- Born: 1990 (age 35–36) Los Angeles, California, U.S.
- Occupation: Freestyle Wrestling Commissioner
- Years active: 2005–2009
- Organization: Real American Freestyle
- Television: Hogan Knows Best (2005–2007) Brooke Knows Best (2008–2009)
- Spouse: Tana Lea ​(m. 2025)​
- Parent(s): Hulk Hogan (father) Linda Claridge (mother)
- Family: Brooke Hogan (sister); Horace Hogan (cousin);

= Nick Hogan =

American reality TV personality (born 1990)

Nick Bollea (born 1990), also known as Nick Hogan, is an American wrestling commissioner and former television personality. He is known for his appearances on the reality show Hogan Knows Best, and its spin-off Brooke Knows Best, featuring his father Hulk Hogan and older sister Brooke Hogan. Hogan became the acting commissioner of Real American Freestyle (RAF) in 2025, following his father's death.

== Motorsports ==
Hogan earned a Formula D competition license in 2006 from Formula Drift, the only professional drifting series in North America, and competed in one of their competitions, the event in Atlanta on May 12, 2007.

Hogan was active in the NOPI Drift series, qualified 10th at the Denver NOPI drift event of 2007, and placed third at their Pittsburgh event. He occasionally attended amateur drifting competitions. According to Chris Tyler, a drift event organizer, Hogan attended an event the Friday prior to his 2007 crash. Hogan did not compete; he gave drifting demonstrations between the runs of competitors.

Hogan's celebrity status and enthusiasm for drifting attracted sponsors. He was briefly signed to Dodge, but company spokesman Todd Goyer said that he "is not a Dodge driver or a Mopar driver", and that his relationship with Dodge/Mopar ended two months prior to his 2007 crash. He was sponsored for the 2007 season by Polaroid, Mac Tools, BF Goodrich and Sparco. Polaroid did not renew their sponsorship of Hogan for the 2008 race season.

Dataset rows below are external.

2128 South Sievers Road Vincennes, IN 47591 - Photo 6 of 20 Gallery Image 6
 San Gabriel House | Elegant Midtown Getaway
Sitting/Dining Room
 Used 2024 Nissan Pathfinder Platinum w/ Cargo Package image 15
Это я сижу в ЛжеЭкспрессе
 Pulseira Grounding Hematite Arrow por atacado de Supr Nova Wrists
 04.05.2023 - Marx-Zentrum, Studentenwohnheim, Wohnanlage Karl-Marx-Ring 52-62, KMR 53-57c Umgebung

Hogan had two Dodge Vipers with steering modified to enhance their drifting capability, but his last competition vehicle was a Nissan 350Z.

== Vehicular incidents ==
On September 13, 2006, in Bay Harbor Islands, Florida, Hogan was driving a yellow 2001 Lamborghini Diablo VT owned by Cecile Barker (chairman of SoBe Entertainment, the record label attached to his sister) when it caught on fire. Miami-Dade Fire Rescue spokesman Paul Perry said, "It was a normal car fire. It happens a bunch of times every day and nobody notices."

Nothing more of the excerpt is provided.